Kent Pekel took over as Rochester superintendent in 2021 and realized he had a problem—frustration with the district’s grading policy.

Coincidentally, he had attended graduate school years ago with Feldman, or “Joey,” as Pekel knew him. Pekel read his old friend’s book but wasn’t persuaded. He worried that, without any incentive from grades, many students wouldn’t complete homework.

Further, he couldn’t find any proof in Feldman’s book that equitable grading works. “People in Rochester kept describing him as a researcher and it as research,” Pekel said. “It’s really more theory than it is research.”

Ethan Hutt, a University of North Carolina professor who wrote a book on grading, agrees. There is no firm evidence that grading for equity is better than traditional methods, he said. It is likely some teachers have found success with these practices, Hutt said, but he would be wary of imposing it on everyone.

He questions Feldman’s claim that traditional grading fails to motivate students.

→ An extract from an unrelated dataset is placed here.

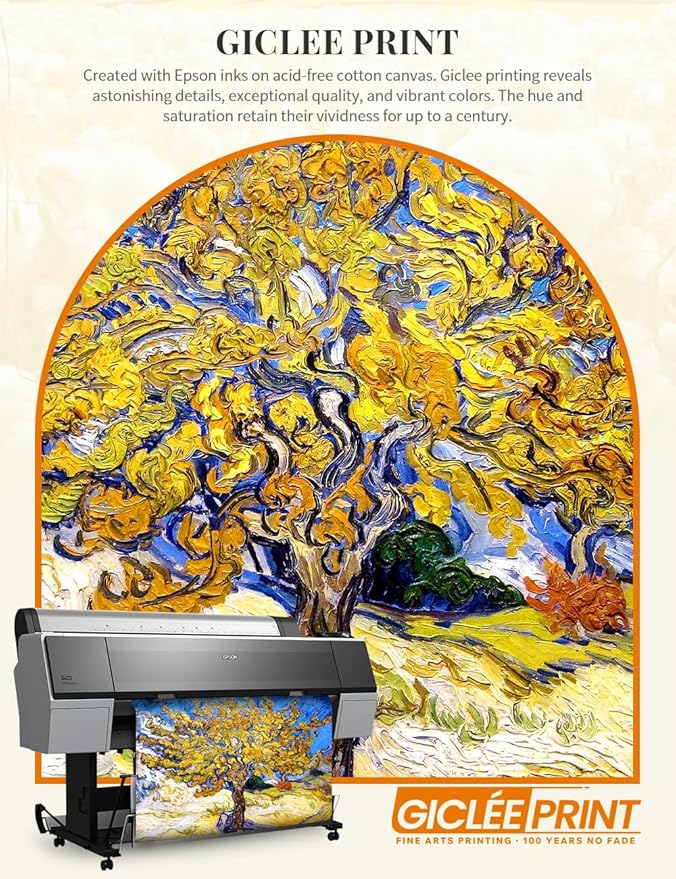 DECORARTS - The Mulberry Tree, Vincent Van Gogh Art Reproduction. Acid Free Cotton Canvas Giclee Print w/Bronze Frame&Mat for Wall Decor.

Hutt points to studies showing that students tend to learn more with teachers who are tougher graders.

Low expectations yield lower results. Higher expectations yield higher results. 

…Christopher Ognibene, a history teacher at the same school, says equitable grading has eroded students’ motivation. He and colleagues are assigning less homework because students aren’t likely to do it, he said.

Homework is all but dead in Salem-Keizer, a district that has implemented this crap. 

Feldman says grading for equity can be, and has been, implemented poorly, especially if imposed without teacher buy-in. Many of the places where there has been substantial backlash, including Rochester, didn’t work with his consulting firm.

This is where the grift comes in. “It would have worked, but you didn’t pay me any money.”